William Stuart Baring-Gould, uno de los más aplicados estudiosos de Sherlock Holmes, en Sherlock Holmes de Baker Street (1962), novela con trazas de biografía —por apócrifa doblemente ficticia— del autodenominado “detective consultor”, sostiene que este maestro de la observación y la deducción nació el seis de enero de 1854 en Yorkshire. Es decir, el mismo año en que —ya el 25 de octubre— tuvo lugar, a catorce kilómetros de una sitiada Sebastopol, “el episodio más heroico de la historia militar británica”. Sus protagonistas fueron 670 jinetes, combatientes en la guerra de Crimea, mandados por lord Cardigan en la batalla de Balaclava. En una acción suicida, cargaron contra una guarnición rusa fuertemente armada. En efecto, aquella fue la famosa carga de la Brigada Ligera.
Aún estudiante de medicina, el joven Arthur comenzó a escribir historias a la vez que publicaba sus primeros artículos científicos en la British Medical Journal. Hablamos del año 1879, para entonces, el escritor ya había trabado amistad con otro grande de las letras en la lengua de Shakespeare: James M. Barrie. También oriundo de Escocia, el padre putativo (creador) de otro personaje literario con universo propio —Peter Pan, el muchacho que se negó a crecer, el paladín de los Niños Perdidos en el país de Nunca Jamás— fue el primer colega, y, sin embargo, amigo, del padre putativo de Sherlock Holmes. Y, ya puestos a hablar de la carga de la Brigada Ligera, con los años (1894), Doyle enseñaría a jugar al golf a Rudyard Kipling, quien encontró inspiración para uno de sus textos más controvertidos —El último de la Brigada Ligera (1891)— en aquellos jinetes de Balaclava.
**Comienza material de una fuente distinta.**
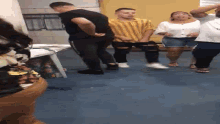 a group of people are standing in a room dancing .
Bien es cierto que este antiguo médico que fue el doctor Doyle a bordo de diversas embarcaciones, una vez se asentó en tierra firme, apenas ejerció: abrió consulta como oftalmólogo en el Londres de 1907 y, según confesión propia, no recibió a ningún paciente. Nuestro oculista no fue uno de esos autores que se confunden con su personaje, como pueda ser el caso de Dashiell Hammett quien, antes de crear al Agente de la Continental, fue él mismo investigador de la agencia Pinkerton.
Sin embargo, es igualmente verdadero que la relación de Sherlock con Irene Adler, su debilidad ante las damas que responden al nombre de Violet, su antagonismo con el profesor Moriarty, la gorra deerstalker, el motivo por el que nunca investigó los crímenes de Jack el Destripador —su contemporáneo— o la mala memoria de Watson para las fechas… Resumiendo, todo lo concerniente al universo del detective consultor, nació un día como hoy.
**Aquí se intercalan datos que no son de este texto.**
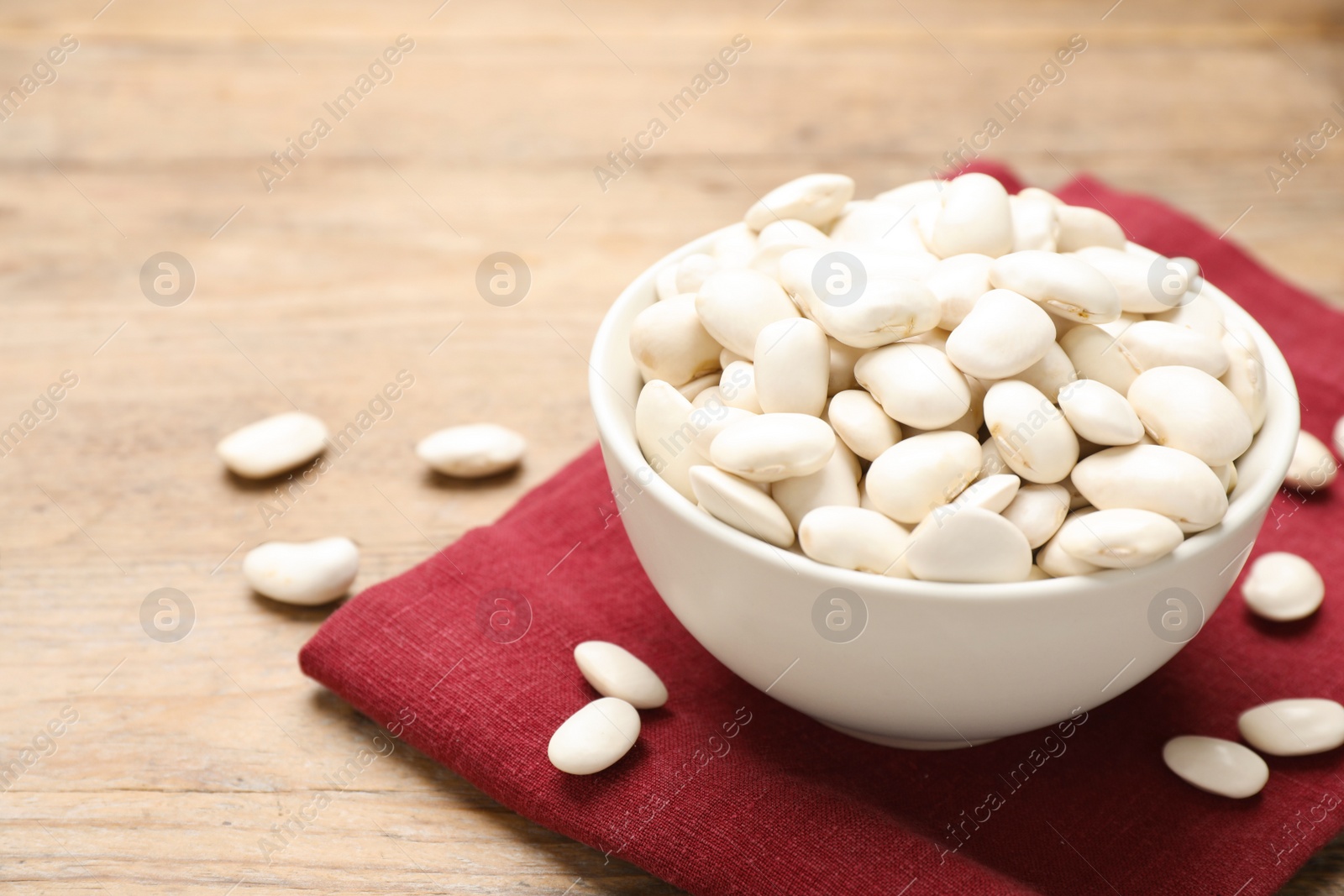 Photo of Raw white beans on wooden table, closeup. Space for text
Y puede decirse que ese día como hoy de hace 165 años, cuando abrió los ojos a la vida un pequeño escocés, católico como hijo de irlandeses que era, y llamado a ser una de las glorias de la literatura en lengua inglesa, así como una de las cimas de la literatura detectivesca universal, fue un momento estelar de la humanidad. Lo fue porque, desde las primeras ediciones de El perro de los Baskerville (1901-1902), la pieza que elevó a los altares de la ficción detectivesca al de Baker Street y a su creador, los 56 relatos cortos, y las cuatro novelas, que dan noticia de las investigaciones del detective consultor, legiones de los más variados lectores del mundo entero vienen dando cuenta de todas esas páginas con auténtica avidez.
Tanto ha sido así que, en cierta medida, han eclipsado el resto de su obra. El mismo Doyle se manifestaba en estos términos llegado el momento del recuento final de su bibliografía ajena al de Baker Street: “Entre veinte y treinta obras de ficción, libros de historia sobre dos guerras, varios títulos de ciencia paranormal, tres de viajes, uno sobre literatura, varias obras de teatro, dos libros de criminología, dos libelos políticos, tres poemarios, un libro sobre la infancia y una autobiografía”.
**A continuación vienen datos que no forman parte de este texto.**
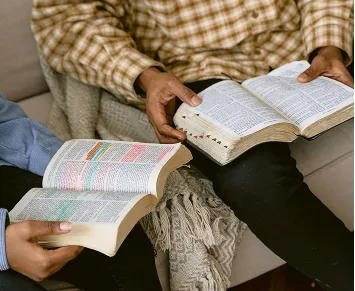 Two people reading bible passages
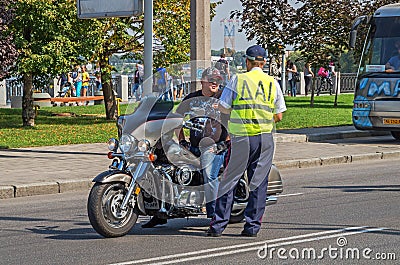 Police officer stops biker for violating traffic rules Editorial Stock Photo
Dejando a Holmes a un lado, habrá que recordar a ese gran autor de ciencia ficción que también fue Doyle merced a la serie de novelas protagonizadas por el profesor George Edward Challenger. Una de ellas, El mundo perdido (1927), ha tenido mucho que ver con esa dinomanía, con ese afán jurásico que, también desde sus primeras ediciones, ha venido llamando la atención del Respetable por las criaturas prehistóricas. Y, con todo lo racional que se nos presenta Holmes en sus deducciones elementales, habrá que recordar, también, al Doyle interesado por el esoterismo y los temas ocultos. Creyó firmemente en las hadas de Cottingley y su gran amor fue una médium Jean Elizabeth Leckie, a la que desposó en 1907, tras enviudar un año antes de Louise Hawkins, su primera mujer.